I’m sure almost everyone is familiar with the story, but if you aren’t, the book follows 12-year-old Percy Jackson, an ADHD and dyslexic boy who is constantly kicked out of school due to regular mishaps and bad behaviour. On a class excursion at his newest school, Percy is attacked by a teacher who turns into a horrible monster and he discovers a truth about himself: he is a demi-god, half-human half-god, and the son of the sea god Poseidon. The Greek gods are alive and real and living in New York City. Percy is taken to Camp Half-Blood where he meets more of his kind, including Annabeth, the daughter of Athena, and Grover, a satyr. Not too long after he arrives, Percy discovers that he has angered the gods, especially Zeus, who believes that Percy has stolen his lightning bolt. Percy, Annabeth and Grover are sent on a quest to find the bolt, as well as Percy’s mother who was kidnapped, and the mysterious lightning thief.

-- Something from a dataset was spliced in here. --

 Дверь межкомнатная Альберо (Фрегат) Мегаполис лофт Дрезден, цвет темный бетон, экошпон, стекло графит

Perhaps I read this novel at the right time in my life or maybe it was just that good, but I thoroughly enjoyed this book. I was entertained from the first page, right until the very end. I am completely enchanted by the world Riordan has effortlessly created. It is such an amazing concept. I’ll admit, I was a little sceptical that the gods would simply just be there with no explanation aside from, “Yeah, they’re still alive,” but that was not the case. Riordan eloquently described how the ancient Greek gods are still kicking it. The gods, as well as Olympus and anything else attached to their realm, had followed the natural progression of Western Civilisation, becoming the central deities of whichever country or Empire happened to be in charge at the time. They started (obviously) in Greece, moved to Rome where the Romans deigned them with different names; then to Western Europe and the Renaissance, kept alive through the rebirth of classical literature and artwork. Today, the gods have settled in the current most powerful country in the world: America. Olympus can be found on the 600th floor of the Empire State Building and the entrance to the Underworld is in L.A.

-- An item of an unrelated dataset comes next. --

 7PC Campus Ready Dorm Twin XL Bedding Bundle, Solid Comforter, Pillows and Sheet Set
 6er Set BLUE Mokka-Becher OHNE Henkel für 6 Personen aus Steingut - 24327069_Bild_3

The world-building is amazingly complex, detailed and well thought out. Everything makes perfect sense as Riordan divulges certain pieces of information and history into the text at precise moments. Riordan’s writing was a little elementary and simple, but considering his protagonist is 12 years old and the novel is middle grade fiction, that’s understandable. The writing matched the tone of the novel – fun, witty and comical.
I found the story-line engaging and I would frantically flip the pages, so excited and intrigued to discover the truth and what will happen next. I loved the inclusion of so many of my favourite characters from Greek history and mythology. Each time a new, recognisable character was introduced, I practically squealed in excitement.
The Lightning Thief was a delightful series-starter that left me wanting more. This novel was so fun and entertaining it was impossible to put down.